| Data for analysis |
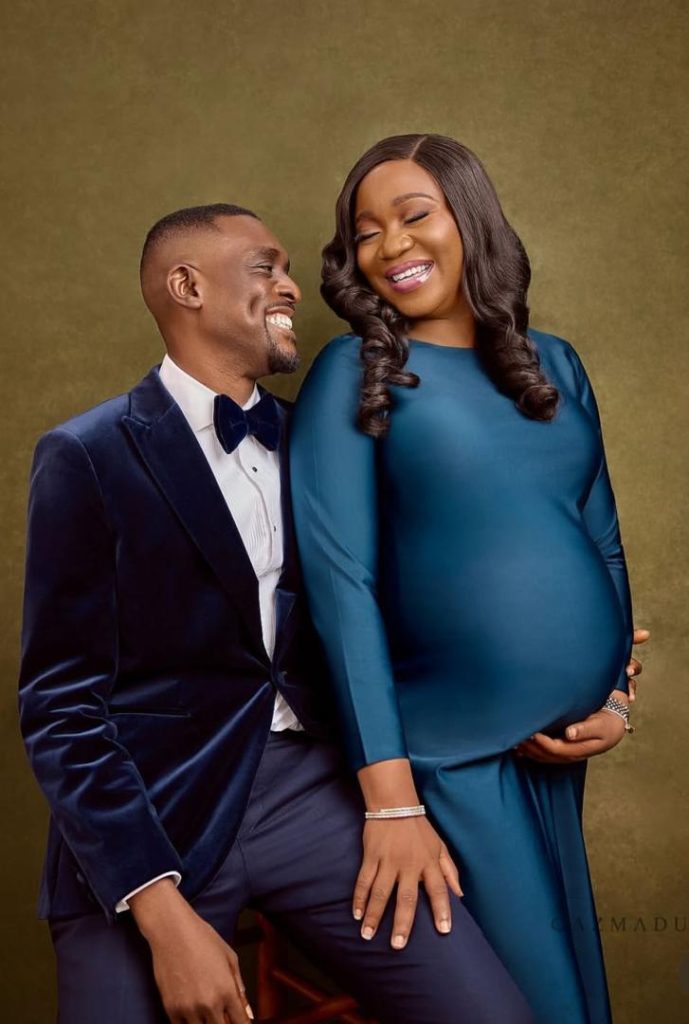 One Arise TV person don drop update as how good news land for inside em house.. the news just dey sweet em body e no fit hid am alone…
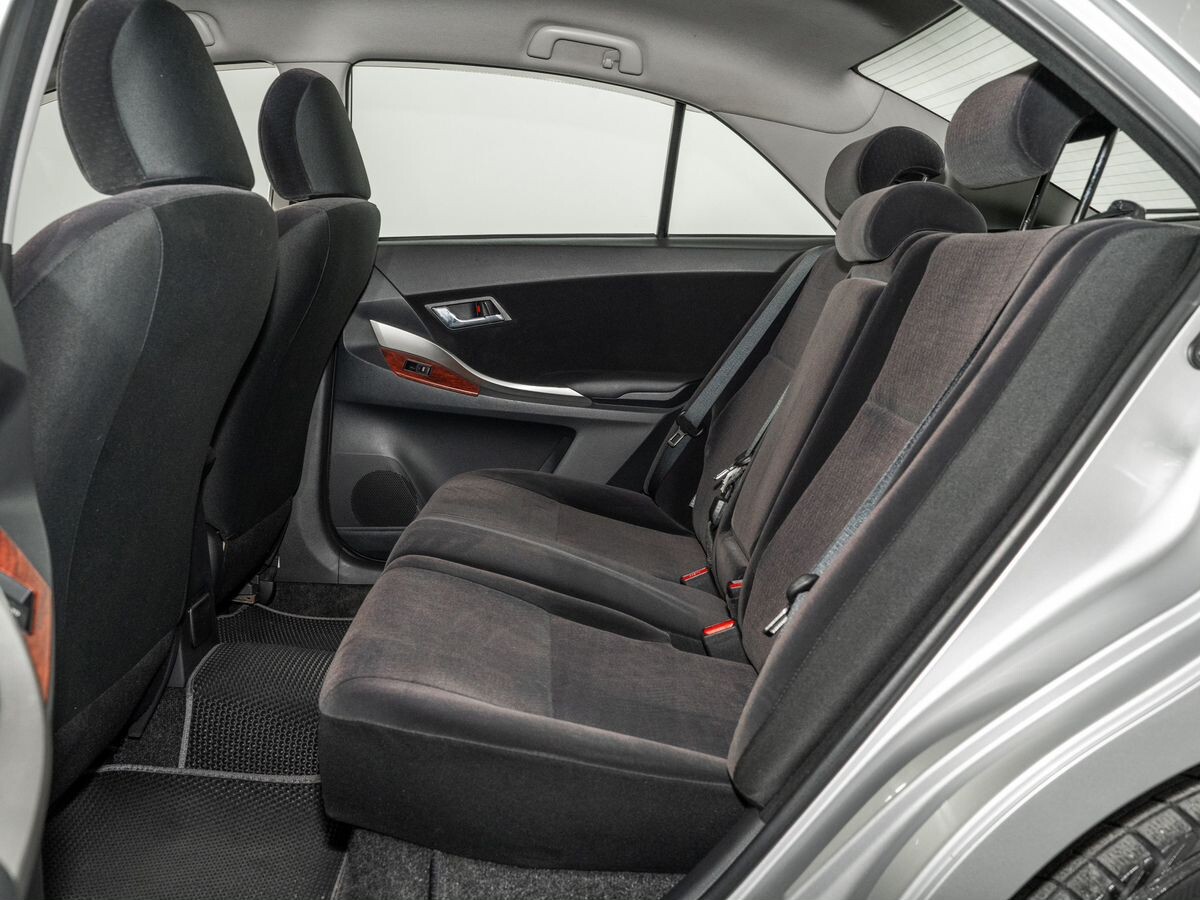 Toyota Allion 2010 - фото автомобиля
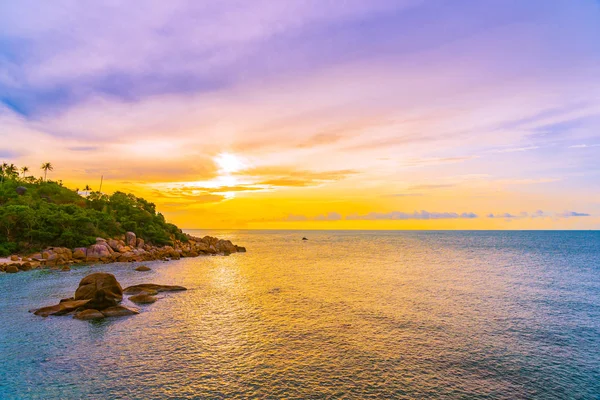 Красивий відкритий тропічний пляж море навколо острова Самуї з ко — стокове фото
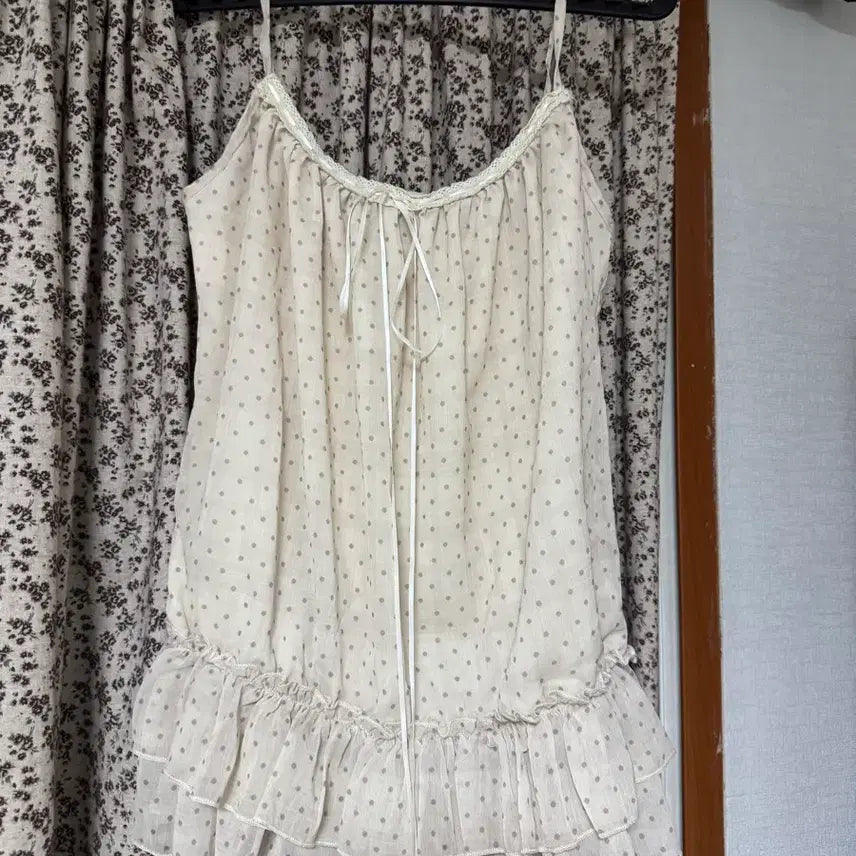 [BUNJANG] Vintage Polka Dot Camisole Blouse / 도트 나시 블라우스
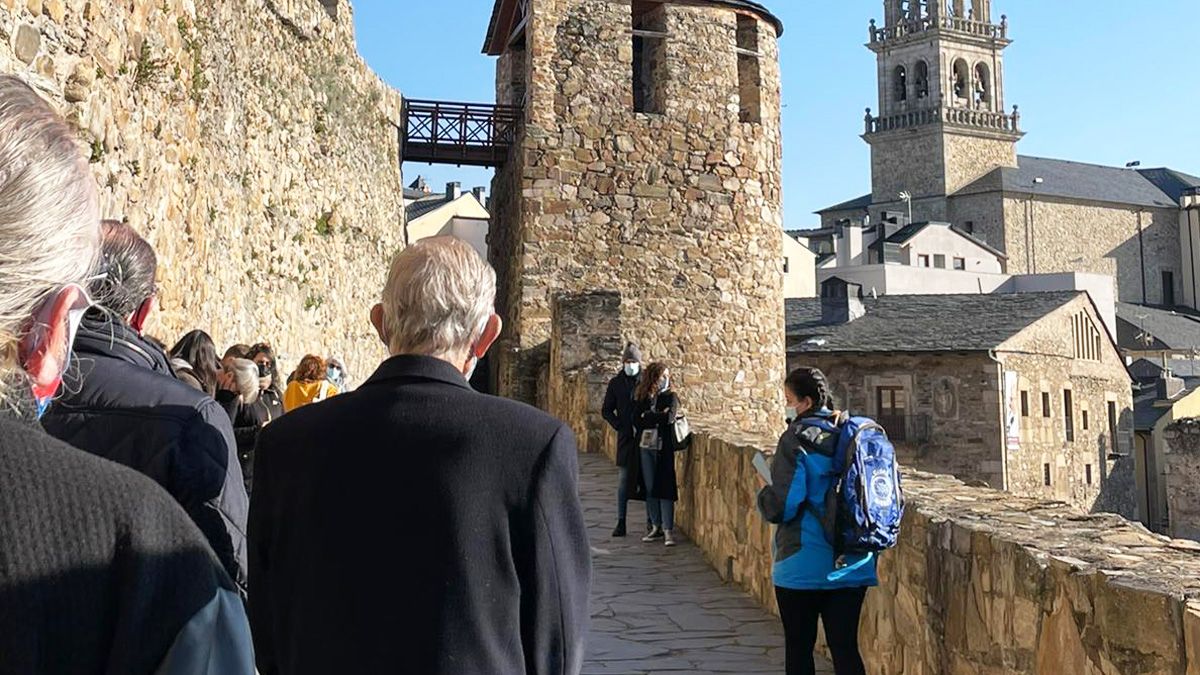 La visita de presentación realizada este domingo en el castillo por Guías Bierzo. | L.N.C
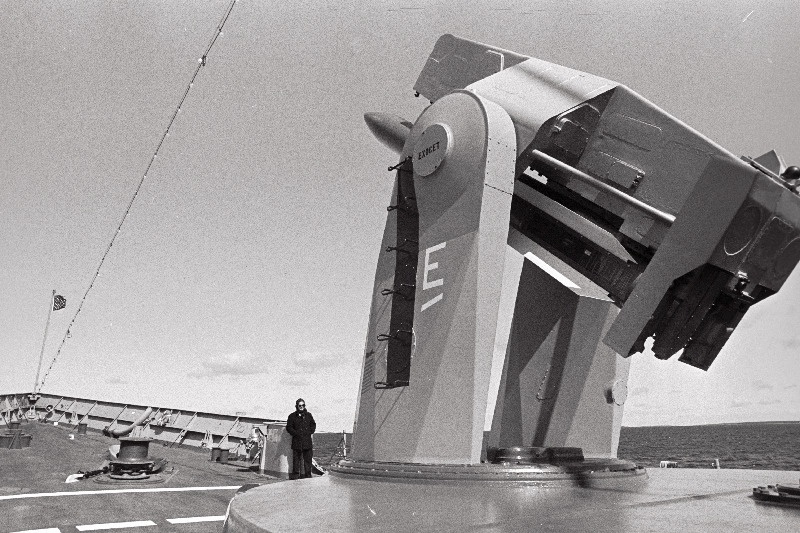 USA fregatt USS Harves FFG-53 merel. Külastajad uudistavad tekil.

| Task details |
From the line containing "[BUNJANG] Vintage Polka" through the last line of the listing, inclusive, transcribe every line exactly and nothing else; the pictures stay out.

| Answer below |
 [BUNJANG] Vintage Polka Dot Camisole Blouse / 도트 나시 블라우스
 La visita de presentación realizada este domingo en el castillo por Guías Bierzo. | L.N.C
 USA fregatt USS Harves FFG-53 merel. Külastajad uudistavad tekil.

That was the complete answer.